* Records from a data collection:
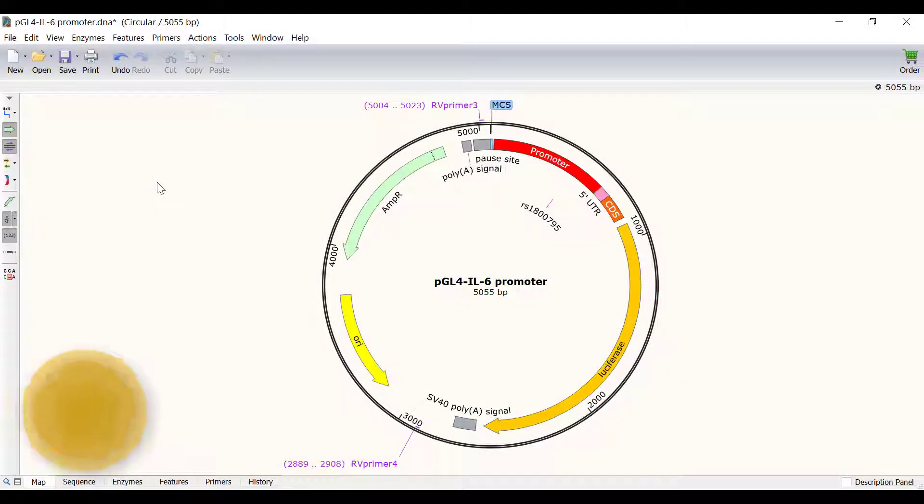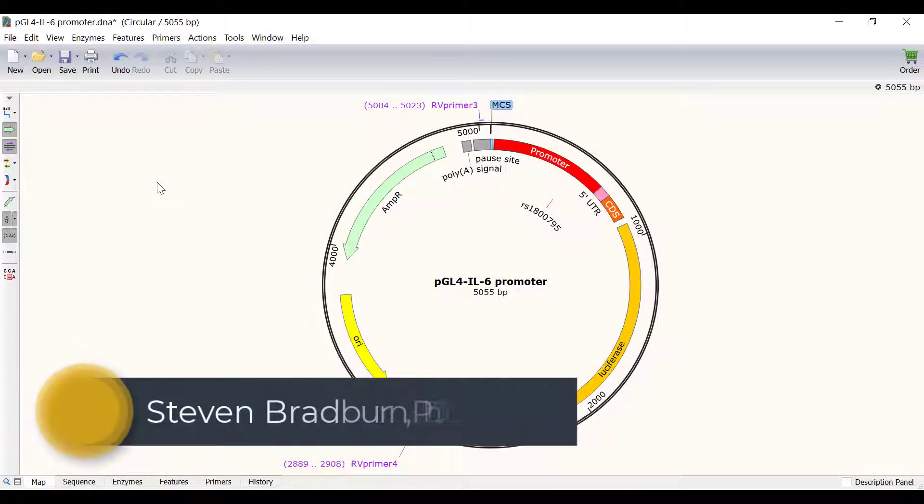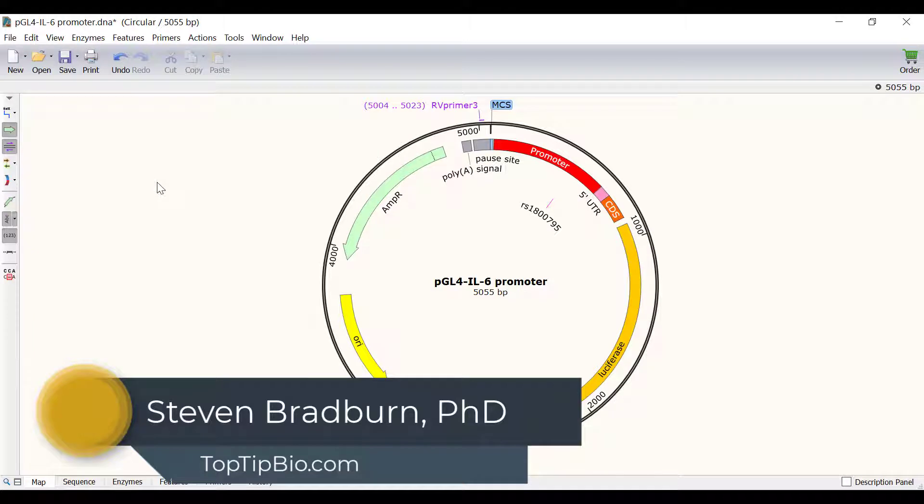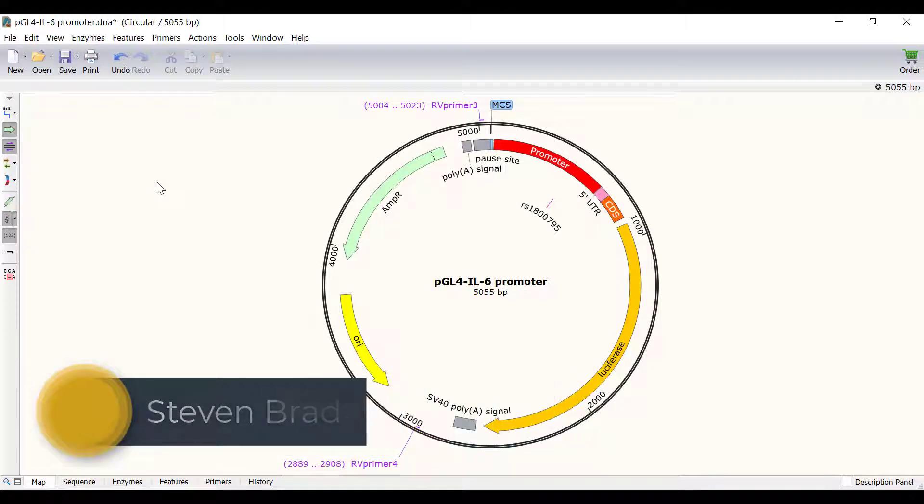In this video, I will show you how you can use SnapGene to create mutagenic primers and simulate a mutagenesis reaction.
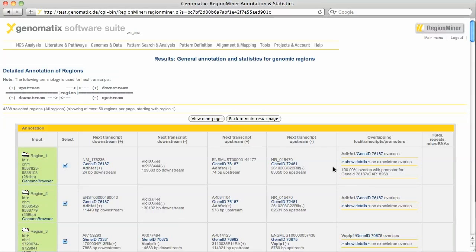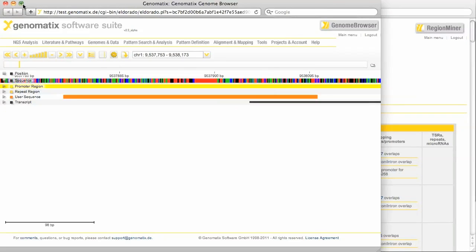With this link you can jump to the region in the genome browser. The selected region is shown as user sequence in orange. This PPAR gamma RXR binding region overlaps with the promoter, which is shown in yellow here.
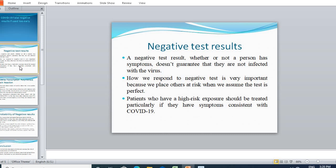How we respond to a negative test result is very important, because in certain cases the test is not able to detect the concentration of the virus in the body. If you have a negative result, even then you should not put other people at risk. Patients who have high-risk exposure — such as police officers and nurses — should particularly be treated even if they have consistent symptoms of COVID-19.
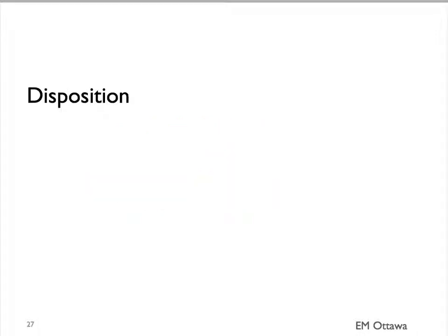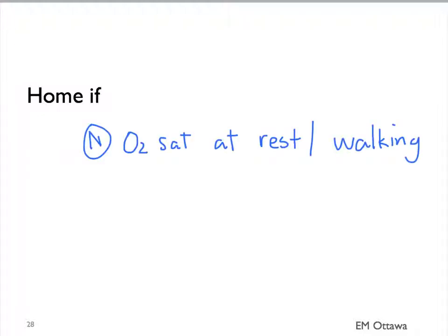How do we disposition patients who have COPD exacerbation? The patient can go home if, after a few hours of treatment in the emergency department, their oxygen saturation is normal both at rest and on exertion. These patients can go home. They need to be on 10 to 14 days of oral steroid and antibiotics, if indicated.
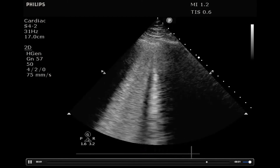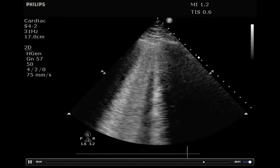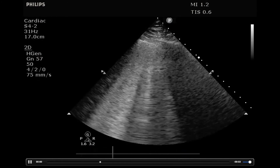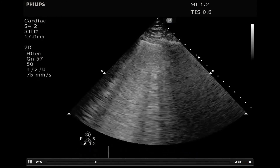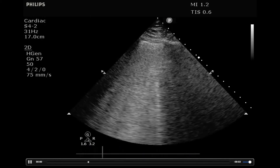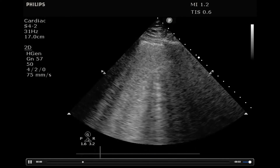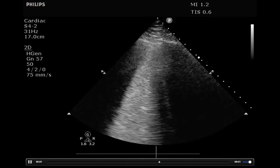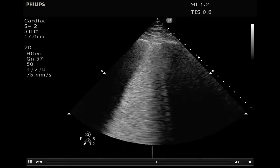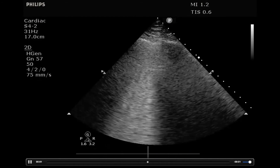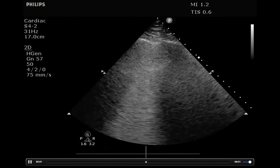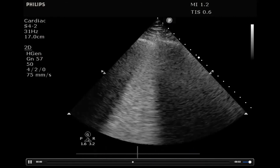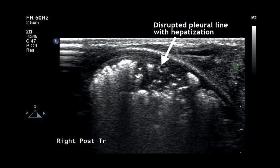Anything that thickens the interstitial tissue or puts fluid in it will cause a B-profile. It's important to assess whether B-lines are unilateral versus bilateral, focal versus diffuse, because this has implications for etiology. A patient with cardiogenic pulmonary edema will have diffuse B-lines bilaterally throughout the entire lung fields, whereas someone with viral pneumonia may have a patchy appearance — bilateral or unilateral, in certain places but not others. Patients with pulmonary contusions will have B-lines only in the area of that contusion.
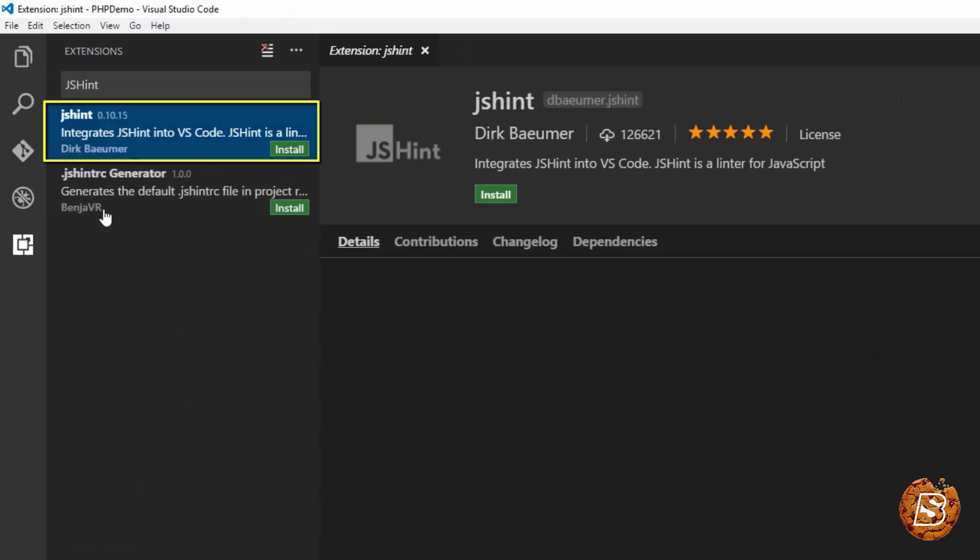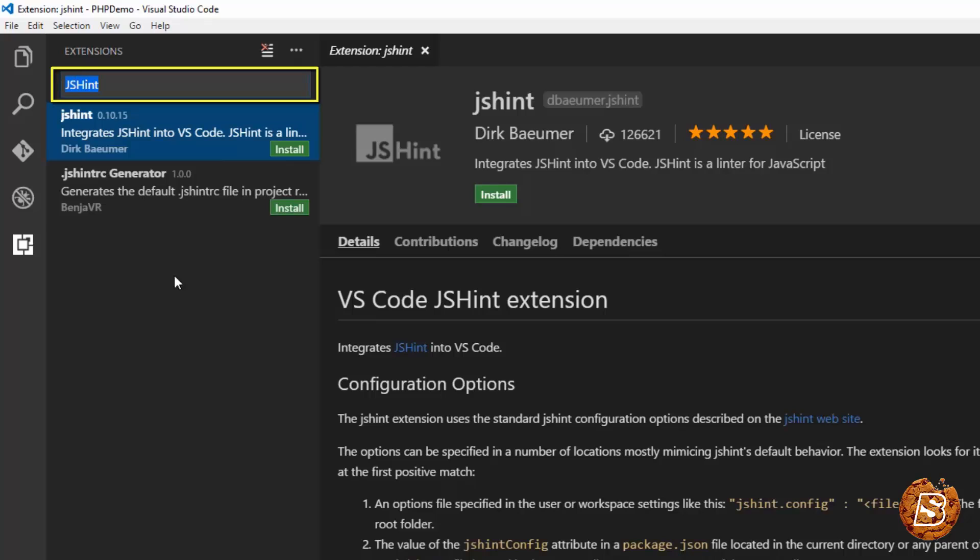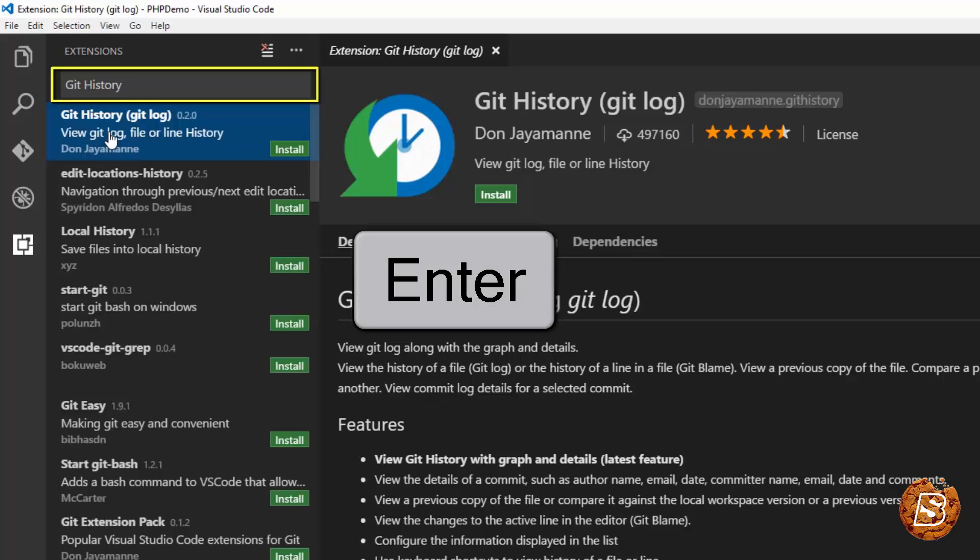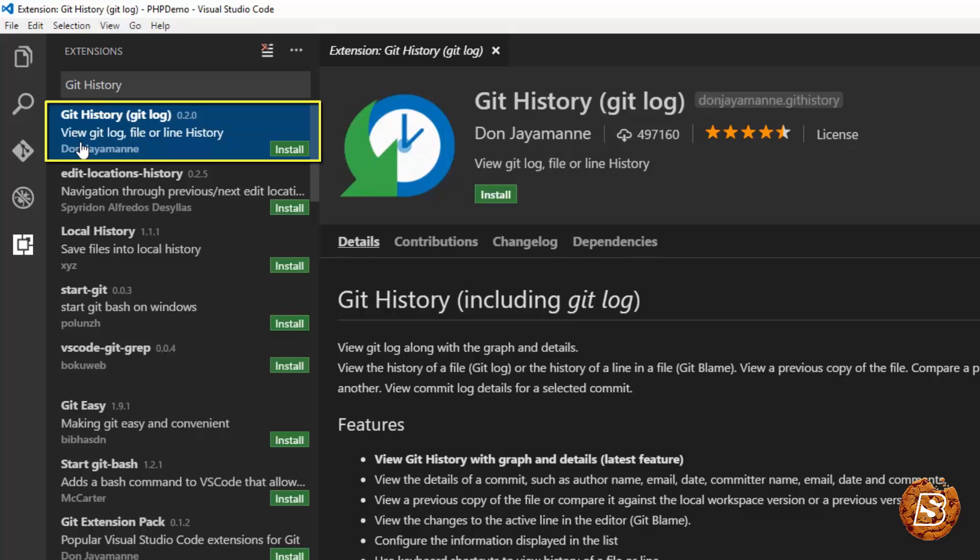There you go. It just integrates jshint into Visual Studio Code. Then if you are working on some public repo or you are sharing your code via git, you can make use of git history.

* Required work: Start at the line holding "How do we disposition" and stop at the last line of the entries above. Repeat those lines exactly, pictures excluded.

* Output below:
How do we disposition patients who have COPD exacerbation? The patient can go home if, after a few hours of treatment in the emergency department, their oxygen saturation is normal both at rest and on exertion. These patients can go home. They need to be on 10 to 14 days of oral steroid and antibiotics, if indicated.
Anything that thickens the interstitial tissue or puts fluid in it will cause a B-profile. It's important to assess whether B-lines are unilateral versus bilateral, focal versus diffuse, because this has implications for etiology. A patient with cardiogenic pulmonary edema will have diffuse B-lines bilaterally throughout the entire lung fields, whereas someone with viral pneumonia may have a patchy appearance — bilateral or unilateral, in certain places but not others. Patients with pulmonary contusions will have B-lines only in the area of that contusion.
There you go. It just integrates jshint into Visual Studio Code. Then if you are working on some public repo or you are sharing your code via git, you can make use of git history.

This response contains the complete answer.